The fourth-gen release of the Apple TV in 2015 was unquestionably a solid upgrade, but the device didn’t exactly shake up the industry. Despite support for an App Store, a brand new Siri-based remote and a handful of other features, the Apple TV 4 was far from the revolutionary set-top box Apple presumably assumed it would be at launch. Of course, not helping matters was that the device didn’t ship with an accompanying TV streaming service, as was previously rumored.
But as Tim Cook said of the Apple TV a few years ago, Apple will keep on “pulling the string and see where it takes” them. The more recent rumor involving the Apple TV comes from the Hebrew-language site The Verifier which claims that the next incarnation of tvOS — tvOS 11 — will introduce some compelling new features which, while not revolutionary, will introduce compelling improvements to the overall user experience.
Said to debut at WWDC in just about two months, sources purportedly familiar with Apple’s plans claim that tvOS 11 will be a significant update that will allow Apple TV users to set up separate viewing profiles for individual users. Further, switching between varying user profiles is said to be a rather simple and quick process.

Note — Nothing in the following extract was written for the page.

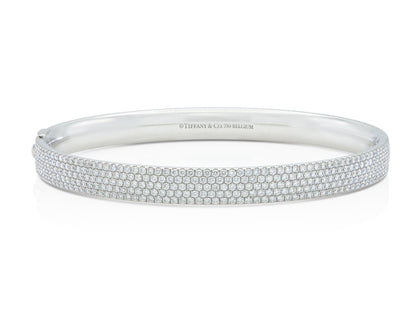 Tiffany & Co. 2.10 Carat Diamond Metro Hinged Bangle Bracelet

“Once the account is synchronized,” the report reads, “each user can listen to his music from Apple Music, view iCloud-backed photos and videos, watch downloaded content on his iTunes account, and of course use his own apps…”
Notably, Apple’s Mac platform already supports multi-user accounts, but the feature has yet to migrate over to any of Apple’s other products in a meaningful way.
Another interesting feature set to make its debut in tvOS 11 is support for picture-in-picture. So if you’re interested in watching a YouTube video or a Netflix show while exploring other apps, you’ll have free rein to do so.
Last but not least, the report corroborates previous reports pointing to Apple’s ongoing interest in rolling out a streaming TV service. Earlier this month, a report surfaced indicating that Apple is trying to develop a skinny bundle that would include premium channels like HBO and Showtime at no additional cost.